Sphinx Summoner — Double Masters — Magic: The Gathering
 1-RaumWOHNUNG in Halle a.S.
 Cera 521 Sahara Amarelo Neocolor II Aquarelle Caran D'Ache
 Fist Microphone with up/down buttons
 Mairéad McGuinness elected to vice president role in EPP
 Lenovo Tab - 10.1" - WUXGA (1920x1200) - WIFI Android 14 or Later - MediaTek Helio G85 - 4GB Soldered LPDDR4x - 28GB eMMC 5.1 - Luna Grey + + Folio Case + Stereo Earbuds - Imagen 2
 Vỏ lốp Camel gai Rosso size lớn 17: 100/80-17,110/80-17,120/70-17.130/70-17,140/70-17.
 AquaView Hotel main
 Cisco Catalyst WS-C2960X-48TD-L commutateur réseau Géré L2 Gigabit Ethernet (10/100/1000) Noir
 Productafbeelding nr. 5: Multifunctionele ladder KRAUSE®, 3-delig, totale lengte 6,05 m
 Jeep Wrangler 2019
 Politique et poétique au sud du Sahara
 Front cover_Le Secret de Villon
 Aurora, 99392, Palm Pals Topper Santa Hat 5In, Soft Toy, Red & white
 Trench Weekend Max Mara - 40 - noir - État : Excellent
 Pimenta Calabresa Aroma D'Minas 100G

____

ABOUT THIS TASK: Lines are to be repeated exactly from the one that contains "Front cover_Le Secret de Villon" through the last line of the listing, with both ends kept and no others added.

REPLY:
 Front cover_Le Secret de Villon
 Aurora, 99392, Palm Pals Topper Santa Hat 5In, Soft Toy, Red & white
 Trench Weekend Max Mara - 40 - noir - État : Excellent
 Pimenta Calabresa Aroma D'Minas 100G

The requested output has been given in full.